** The input follows **

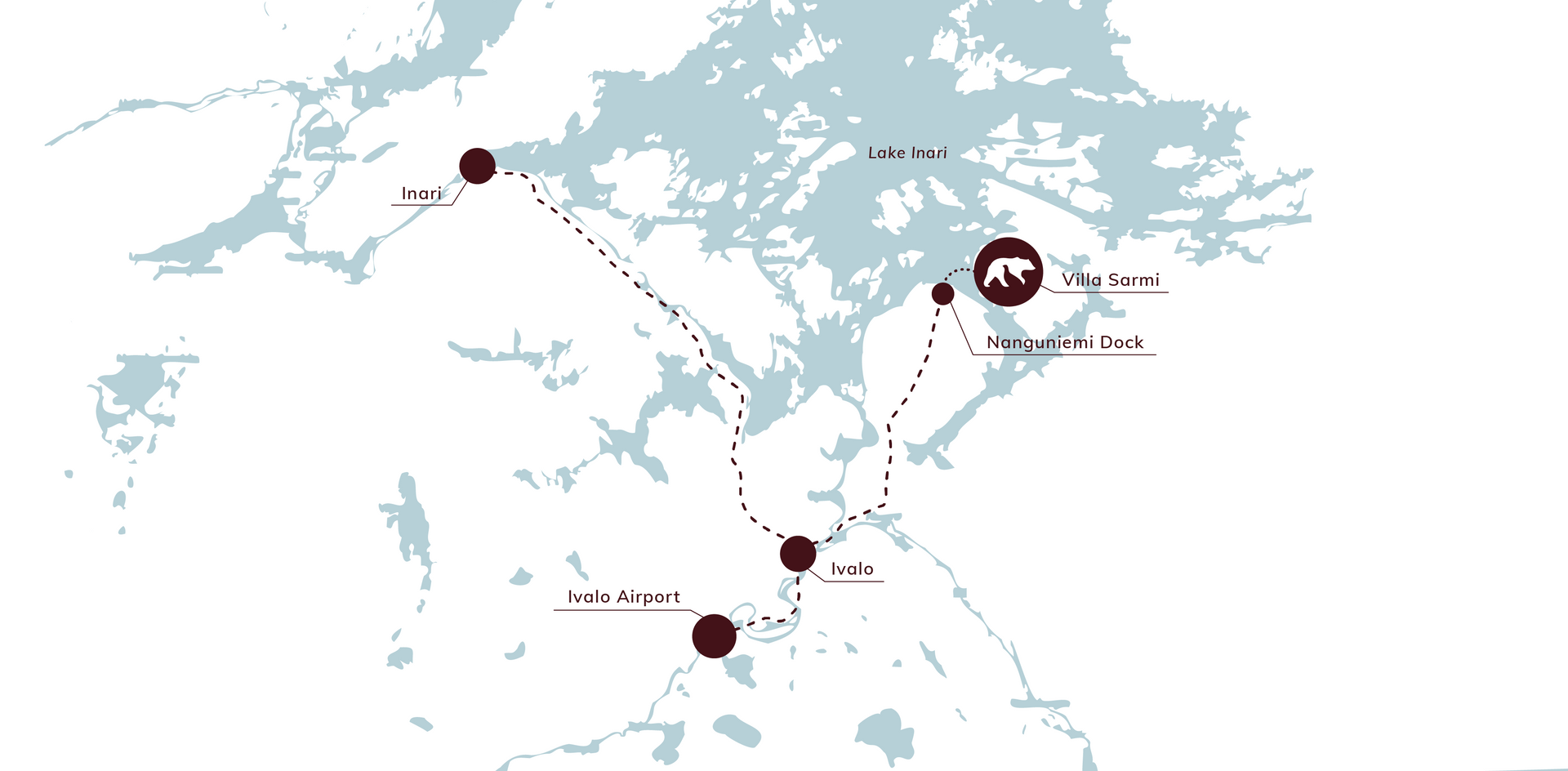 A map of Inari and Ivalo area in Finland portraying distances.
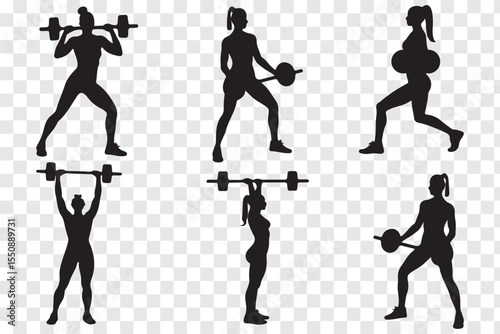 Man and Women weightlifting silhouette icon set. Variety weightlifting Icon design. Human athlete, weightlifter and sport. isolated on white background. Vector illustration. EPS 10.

** End of The input **
** The input follows **

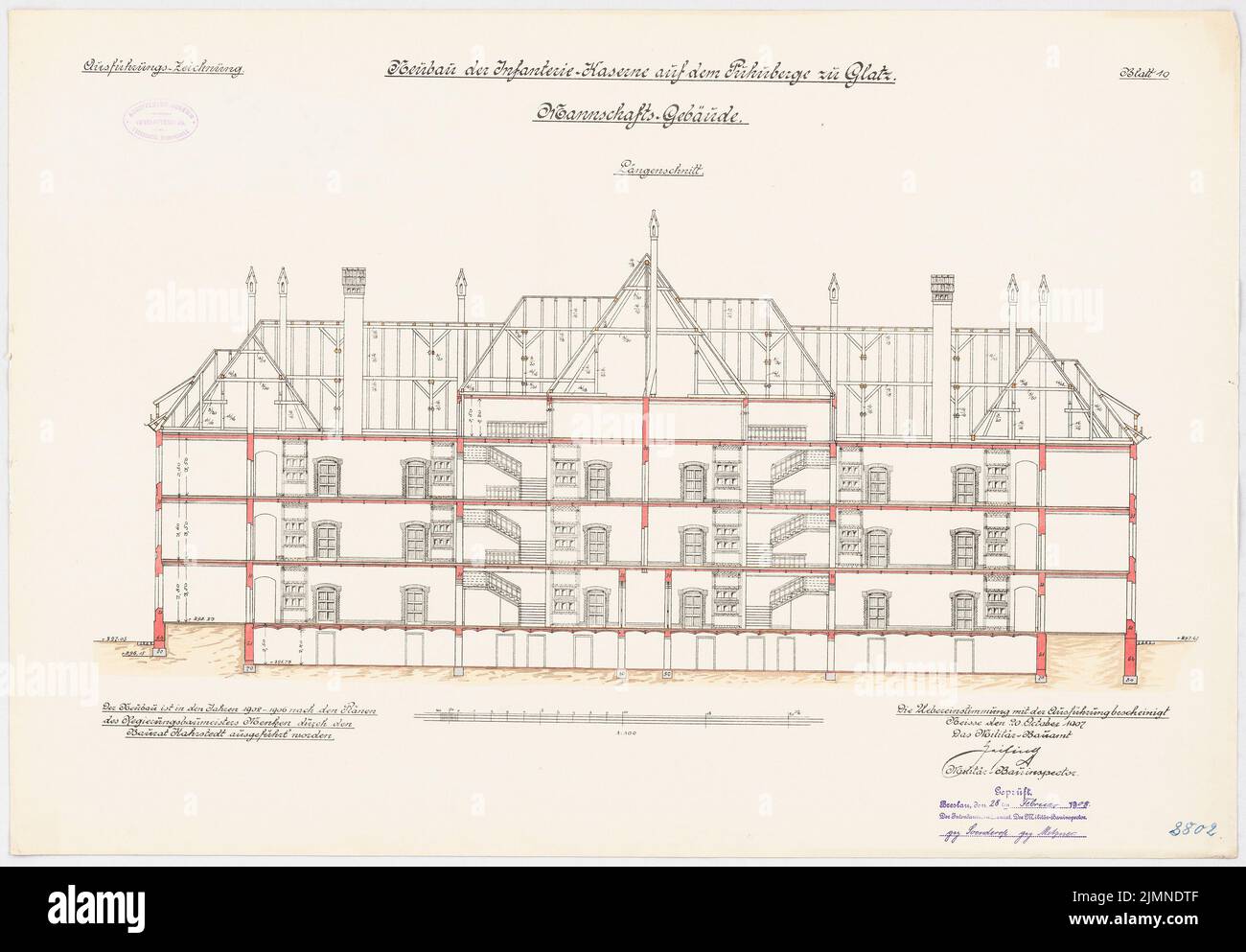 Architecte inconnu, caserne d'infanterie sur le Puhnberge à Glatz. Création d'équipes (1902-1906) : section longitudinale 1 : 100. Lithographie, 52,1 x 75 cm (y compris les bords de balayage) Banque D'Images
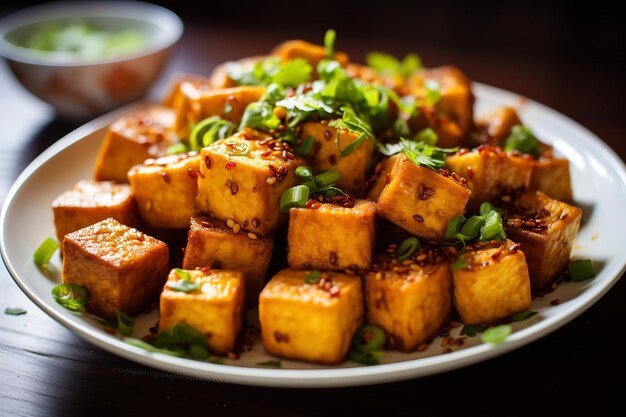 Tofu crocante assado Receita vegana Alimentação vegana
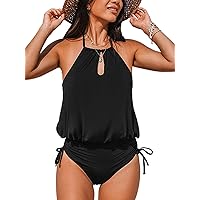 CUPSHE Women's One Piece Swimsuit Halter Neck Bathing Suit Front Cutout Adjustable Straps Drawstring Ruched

** End of The input **
** The input follows **

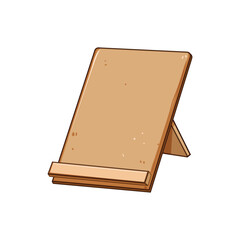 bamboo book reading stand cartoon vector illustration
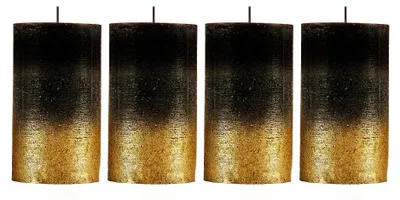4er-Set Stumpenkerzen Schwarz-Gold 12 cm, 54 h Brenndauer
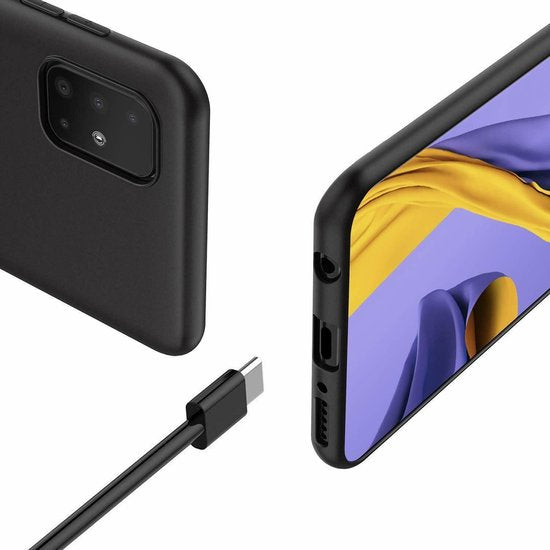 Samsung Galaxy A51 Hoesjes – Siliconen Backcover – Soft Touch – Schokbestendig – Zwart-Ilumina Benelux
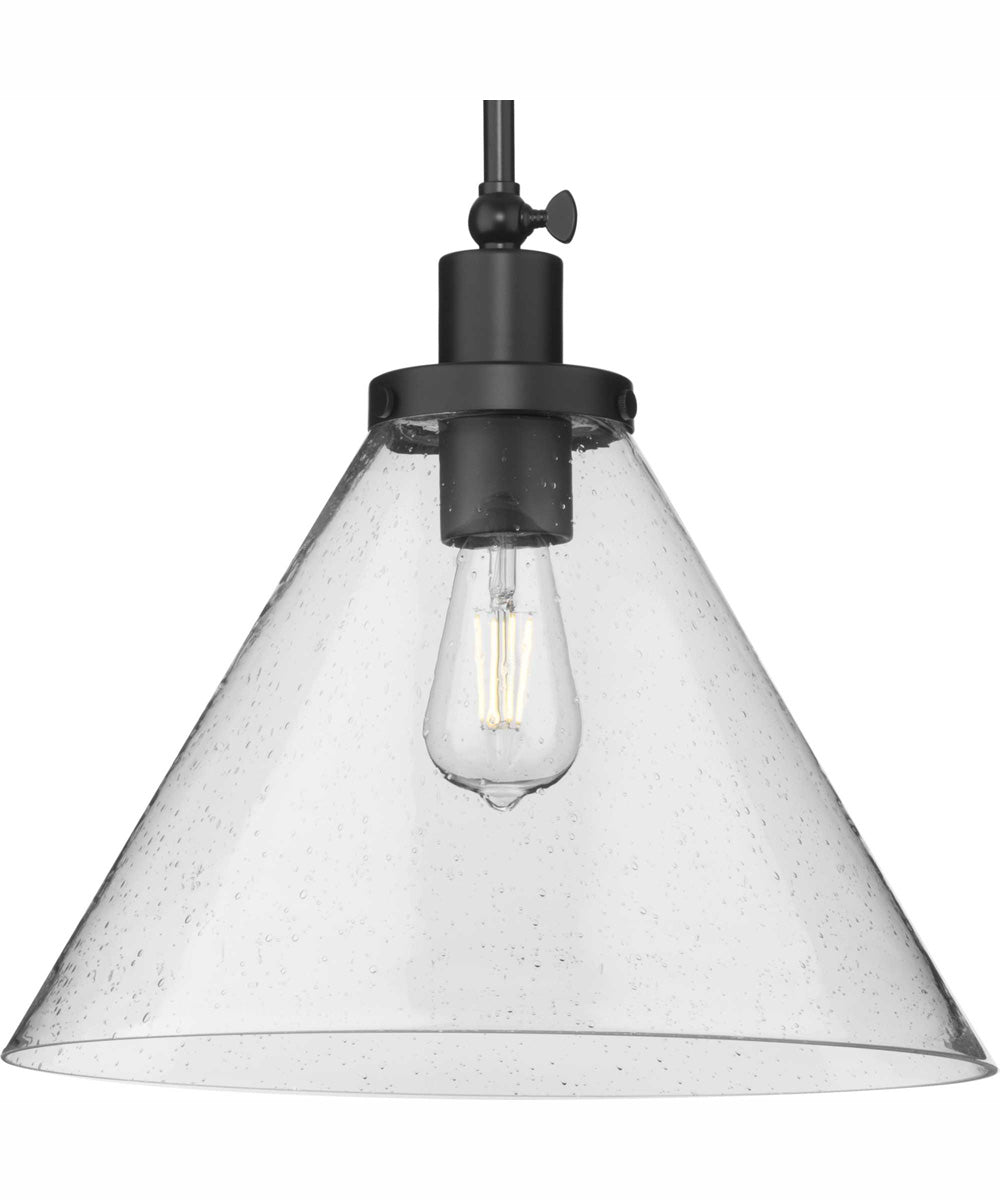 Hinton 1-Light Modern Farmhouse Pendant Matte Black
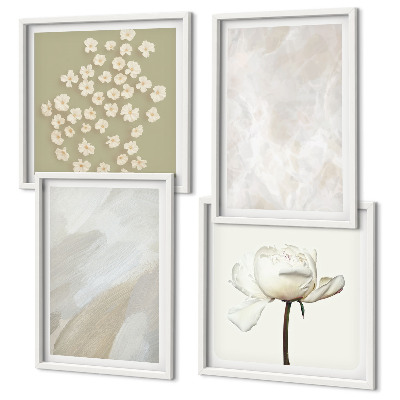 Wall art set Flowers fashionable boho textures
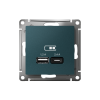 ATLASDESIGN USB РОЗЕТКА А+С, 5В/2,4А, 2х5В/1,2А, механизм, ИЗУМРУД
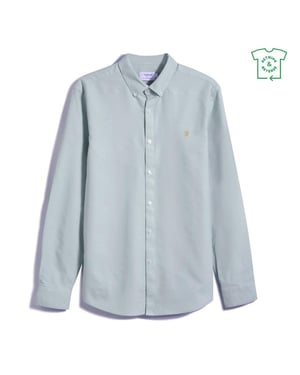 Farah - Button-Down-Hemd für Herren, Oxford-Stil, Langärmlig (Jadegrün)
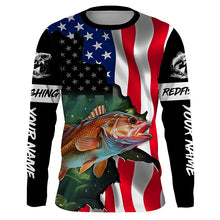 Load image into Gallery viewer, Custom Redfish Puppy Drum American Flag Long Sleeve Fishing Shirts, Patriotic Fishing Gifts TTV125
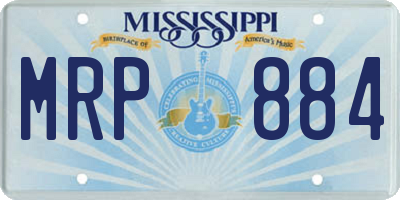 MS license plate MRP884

** End of The input **

[What you are asked to do]: From the entries above, copy exactly the lines starting at the one with "A map of Inari" and stopping at the one with "Man and Women", keeping both ends. Drop the pictures.

[Response]:
 A map of Inari and Ivalo area in Finland portraying distances.
 Man and Women weightlifting silhouette icon set. Variety weightlifting Icon design. Human athlete, weightlifter and sport. isolated on white background. Vector illustration. EPS 10.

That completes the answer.